On web and mobile, keyword operators can match on: The user's name, the @ screen name, tweet text, and shortened, as well as expanded url text (eg, url:trib.al finds accounts that use that shortener, even though the full url is displayed).

By default "Top" results are shown, where "Top" means tweets with some engagements (replies, RTs, likes). "Latest" has most recent tweets. People search will match on descriptions, but not all operators work. "Photos" and "Videos" are presumably equivalent to filter:images and filter:videos.

Exact Tokenization is not known, but it's most likely a custom one to preserve entities. URLs are also tokenized. Spelling correction appears sometimes, and also plurals are also matched, eg: bears will also match tweets with bear. - not preceeding an operator are removed, so "state-of-the-art" is the same as "state of the art".

Private accounts are not included in the search index, and their tweets do no appear in results. Locked and suspended accounts are also hidden from results. There are other situations where tweets may not appear: anti-spam measures, or tweets simply have not been indexed due to server issues.

Twitter is using some words as signal words. E.g. when you search for “photo”, Twitter assumes you’re looking for Tweets with attached photos.
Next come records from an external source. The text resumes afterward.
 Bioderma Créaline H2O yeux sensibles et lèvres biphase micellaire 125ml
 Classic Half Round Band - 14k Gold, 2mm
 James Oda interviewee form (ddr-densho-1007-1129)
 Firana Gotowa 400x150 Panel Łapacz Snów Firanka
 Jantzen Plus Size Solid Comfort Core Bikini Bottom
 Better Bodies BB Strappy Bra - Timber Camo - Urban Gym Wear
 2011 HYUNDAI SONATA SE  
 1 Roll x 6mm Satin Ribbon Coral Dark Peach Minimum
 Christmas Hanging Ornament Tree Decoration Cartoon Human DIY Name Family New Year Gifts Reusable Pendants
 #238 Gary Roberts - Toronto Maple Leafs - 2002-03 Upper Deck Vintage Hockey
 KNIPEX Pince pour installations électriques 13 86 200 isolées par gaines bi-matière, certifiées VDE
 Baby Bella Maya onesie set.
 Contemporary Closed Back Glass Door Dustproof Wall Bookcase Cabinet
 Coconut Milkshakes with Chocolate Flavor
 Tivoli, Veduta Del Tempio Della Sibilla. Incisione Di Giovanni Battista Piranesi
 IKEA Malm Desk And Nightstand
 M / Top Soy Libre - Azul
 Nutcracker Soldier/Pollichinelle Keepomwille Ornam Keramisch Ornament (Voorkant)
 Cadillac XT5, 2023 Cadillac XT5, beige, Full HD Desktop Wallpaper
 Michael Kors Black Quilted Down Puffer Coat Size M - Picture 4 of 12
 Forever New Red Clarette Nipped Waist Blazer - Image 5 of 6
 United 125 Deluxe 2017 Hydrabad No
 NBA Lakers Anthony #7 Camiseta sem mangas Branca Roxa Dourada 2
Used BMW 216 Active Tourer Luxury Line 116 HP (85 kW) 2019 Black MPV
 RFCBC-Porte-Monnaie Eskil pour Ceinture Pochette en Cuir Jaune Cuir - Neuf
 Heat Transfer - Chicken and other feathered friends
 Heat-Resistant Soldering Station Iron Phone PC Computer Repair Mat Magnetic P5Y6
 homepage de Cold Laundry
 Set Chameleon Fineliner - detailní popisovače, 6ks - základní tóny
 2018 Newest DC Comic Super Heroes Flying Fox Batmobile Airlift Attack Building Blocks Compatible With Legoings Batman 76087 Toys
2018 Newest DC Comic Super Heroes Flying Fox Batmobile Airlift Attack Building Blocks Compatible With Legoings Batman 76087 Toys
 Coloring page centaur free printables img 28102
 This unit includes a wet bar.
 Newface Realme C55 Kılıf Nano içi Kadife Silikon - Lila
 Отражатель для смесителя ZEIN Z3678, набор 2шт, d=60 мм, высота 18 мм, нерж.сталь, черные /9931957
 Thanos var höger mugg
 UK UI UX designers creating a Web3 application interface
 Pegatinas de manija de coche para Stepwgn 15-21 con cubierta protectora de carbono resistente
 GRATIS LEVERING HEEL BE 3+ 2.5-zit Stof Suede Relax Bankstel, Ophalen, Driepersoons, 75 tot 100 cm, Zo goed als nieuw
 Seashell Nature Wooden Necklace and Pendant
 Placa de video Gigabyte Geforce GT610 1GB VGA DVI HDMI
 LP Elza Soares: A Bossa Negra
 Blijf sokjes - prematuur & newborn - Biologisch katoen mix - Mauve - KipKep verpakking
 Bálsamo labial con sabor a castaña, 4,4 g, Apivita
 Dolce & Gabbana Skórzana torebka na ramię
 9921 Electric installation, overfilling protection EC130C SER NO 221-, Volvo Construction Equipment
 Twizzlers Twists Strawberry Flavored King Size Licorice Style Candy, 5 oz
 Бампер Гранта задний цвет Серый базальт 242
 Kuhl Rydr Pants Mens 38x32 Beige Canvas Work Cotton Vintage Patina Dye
If you want to search for Tweets which literally contain the word “photo”, you have to wrap it in double quotes "photo".

Building Queries:

Any "filter:type" can also be negated using the "-" symbol. exclude:links is the same as -filter:links

Example: I want Tweets from @Nasa with all types of media except images

from:NASA filter:media -filter:images

Combine complex queries together with booleans and parentheses to refine your results.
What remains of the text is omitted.